* **EXERCISE DETAILS**
All lines below starting at the one that holds "Blick auf das" and ending at the one that holds "Nissan Leaf 5 of 26" should be printed exactly, ends included. Pictures should not be printed, nor anything else.

━━━ PROVIDED MATERIAL ━━━

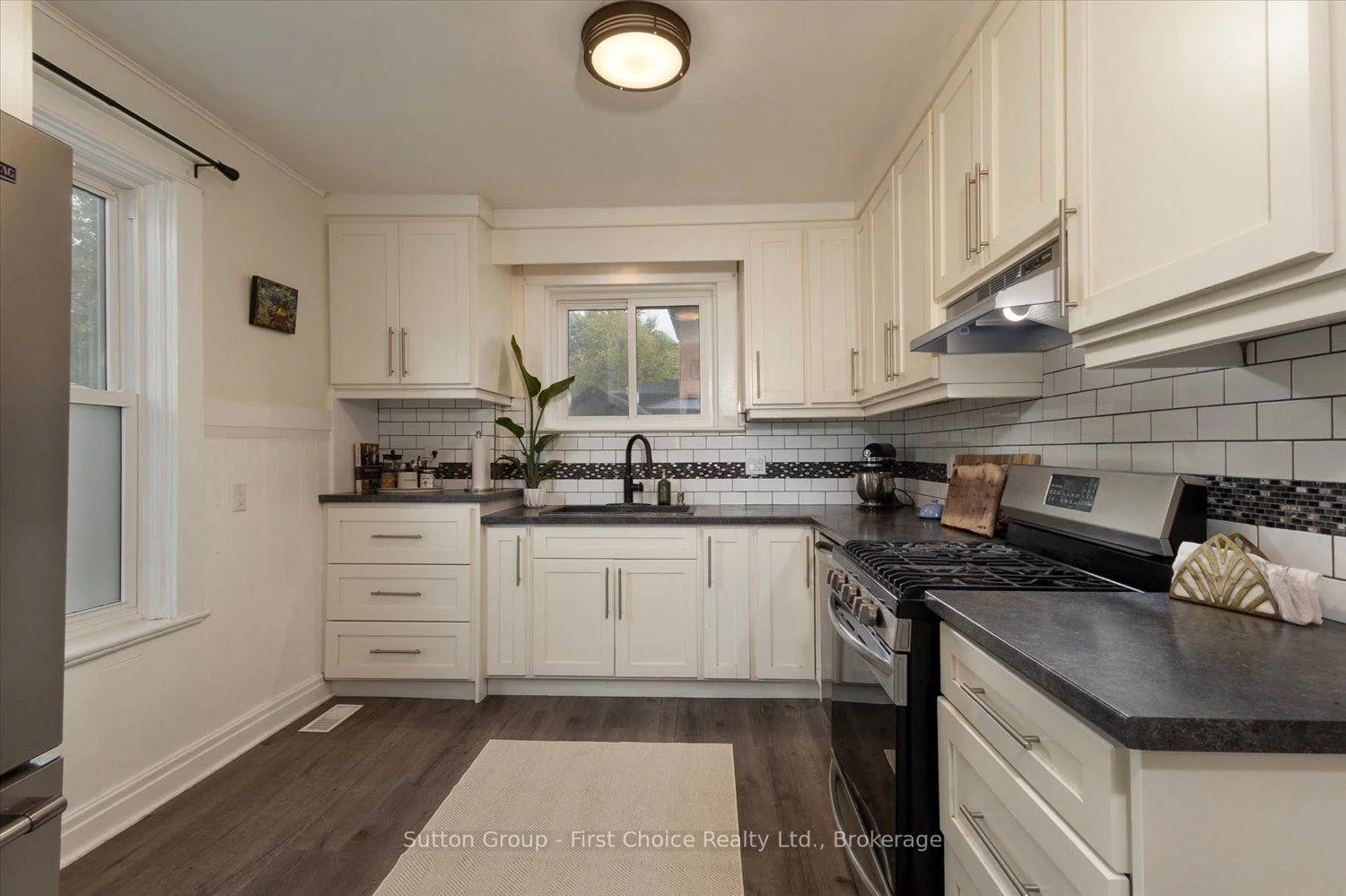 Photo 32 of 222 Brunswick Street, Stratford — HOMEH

━━━
━━━ PROVIDED MATERIAL ━━━

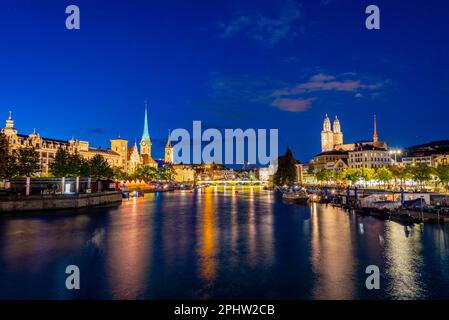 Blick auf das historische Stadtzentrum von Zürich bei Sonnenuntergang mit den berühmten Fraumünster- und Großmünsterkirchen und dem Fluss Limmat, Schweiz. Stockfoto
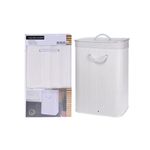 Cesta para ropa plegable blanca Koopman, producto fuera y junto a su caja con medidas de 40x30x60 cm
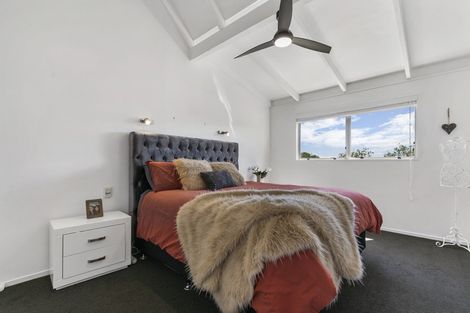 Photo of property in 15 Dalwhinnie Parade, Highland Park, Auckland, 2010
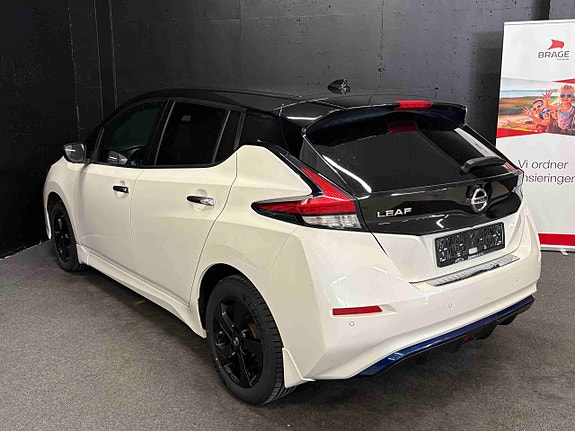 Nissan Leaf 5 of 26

━━━
━━━ PROVIDED MATERIAL ━━━

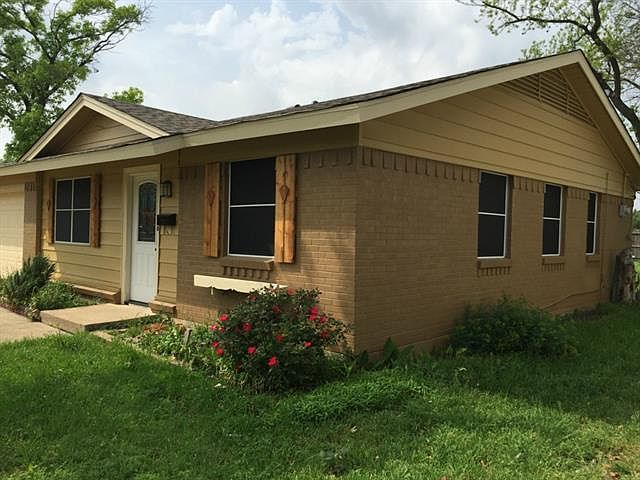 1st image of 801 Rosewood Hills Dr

━━━

* **FINISHED TASK**
 Blick auf das historische Stadtzentrum von Zürich bei Sonnenuntergang mit den berühmten Fraumünster- und Großmünsterkirchen und dem Fluss Limmat, Schweiz. Stockfoto
 Cesta para ropa plegable blanca Koopman, producto fuera y junto a su caja con medidas de 40x30x60 cm
 Photo of property in 15 Dalwhinnie Parade, Highland Park, Auckland, 2010
 Nissan Leaf 5 of 26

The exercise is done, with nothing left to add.